Comme les oies du Capitole, certaines entreprises alertent sur un climat social tendu.
L ’histoire de l’art de botter en touche, ou de prendre les enfants du bon dieu pour des canards sauvages devrait bien retenir cette réponse de François Baroin à une question du Journal du dimanche touchant à l’éventualité d’une nouvelle tranche d’impôt pour les plus riches : « Notre philosophie, c’est de ne pas accroître la charge fiscale qui pèse sur les revenus du travail. » Les revenus du travail ! François Baroin qui se paye ainsi la tête des Français voulait peut-être parler en réalité des revenus de ceux qui vivent du travail des autres. Quelques mots auront malencontreusement sauté. Car qui fera jamais croire que les salaires insensés que se versent certains patrons, que les fortunes qui s’établissent à la Bourse avec des dividendes en progression de 15 % au minimum chaque année, que les coups spéculatifs à grande échelle sur les places financières du monde sont des revenus du travail ?
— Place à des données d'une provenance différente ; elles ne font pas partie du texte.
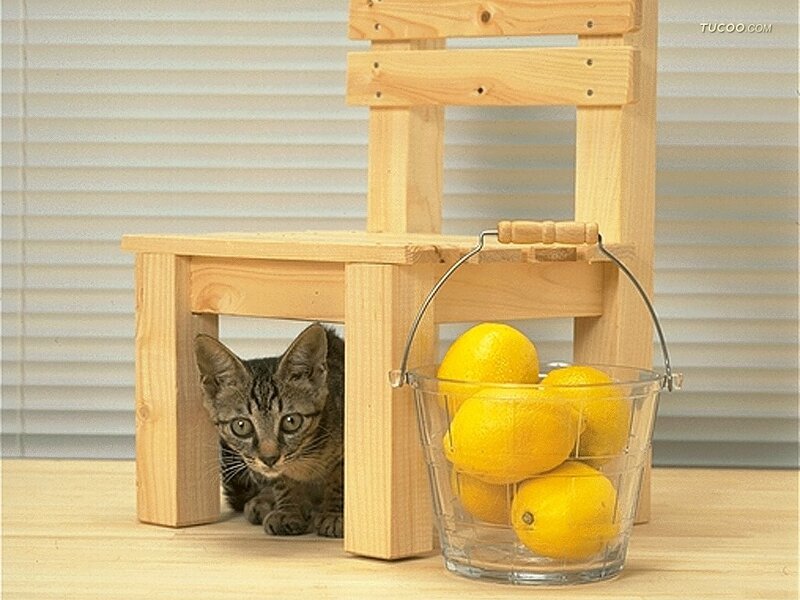 Tabby Kitten under Chair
Mais les propos du ministre du Budget ne font pas rire. Ils sont indécents, scandaleux quand, cette année encore, le smic n’augmentera pas, si ce n’est du minimum légal chichement concédé et courant derrière le coût de la vie. 17 euros de plus par mois pour des millions de salariés ! Et encore ne s’agit-il que de ceux qui touchent un smic complet, mais le temps partiel et la précarité sont le lot, on devrait dire le fardeau, des plus jeunes, des femmes seules. Quelle humiliation quand on a vingt ans, ou une trentaine d’années et deux bambins à la maison, quand il faut prendre le chemin des Restos du cœur, du Secours populaire ou du Secours catholique, peu importe. De l’humiliation, mais aussi, il faut l’espérer, l’attendre, de la rage, de la révolte. 17 euros par mois. Comment ne pas penser, une nouvelle fois, une fois encore, au chèque de trente millions d’euros signé par le Trésor public pour Mme Bettencourt au titre du bouclier fiscal ? Des revenus de son travail ? Et ce n’est qu’un exemple, emblématique certes, mais qui ne rend pas compte de l’ampleur et des ravages d’une politique des riches pour les riches. En France, aujourd’hui, près de huit millions de personnes disposent de moins de 949 euros par mois, près de quatre millions, de moins de 773 euros.
La France devient un pays de bas salaires, de faible qualification et de précarité. On peut faire de beaux discours avec ça sur la compétitivité de notre économie dans le monde. Mais la réalité, c’est que la France n’a rien à gagner à faire la course à reculons. La compétitivité de la France, s’il faut parler en ces termes, elle est dans la recherche, dans des formations de haut niveau, dans des productions hautement qualifiées. Pour cela, il faut une autre politique du crédit, un autre rôle des banques que celui de favoriser la croissance financière, et il faut une politique générale d’augmentation du smic et des salaires, et d’abord des plus bas. C’est à la fois le moyen de relancer la croissance et de tirer vers la création d’emplois de qualité les masses financières qui s’entrechoquent jusqu’à la prochaine crise. C’est aussi, pour l’Europe, jouer un rôle dynamique pour aller vers une harmonisation sociale par le haut. La sortie n’est pas dans les plans d’austérité à répétition, mais dans une juste rémunération du travail. Dut-on pour cela faire baisser les revenus des prédateurs du capital. La bataille des retraites a montré quelle pouvait être la combativité des salariés. Aujourd’hui, comme les oies du Capitole, certaines entreprises alertent sur un climat social tendu. Tant mieux, car la bataille continue.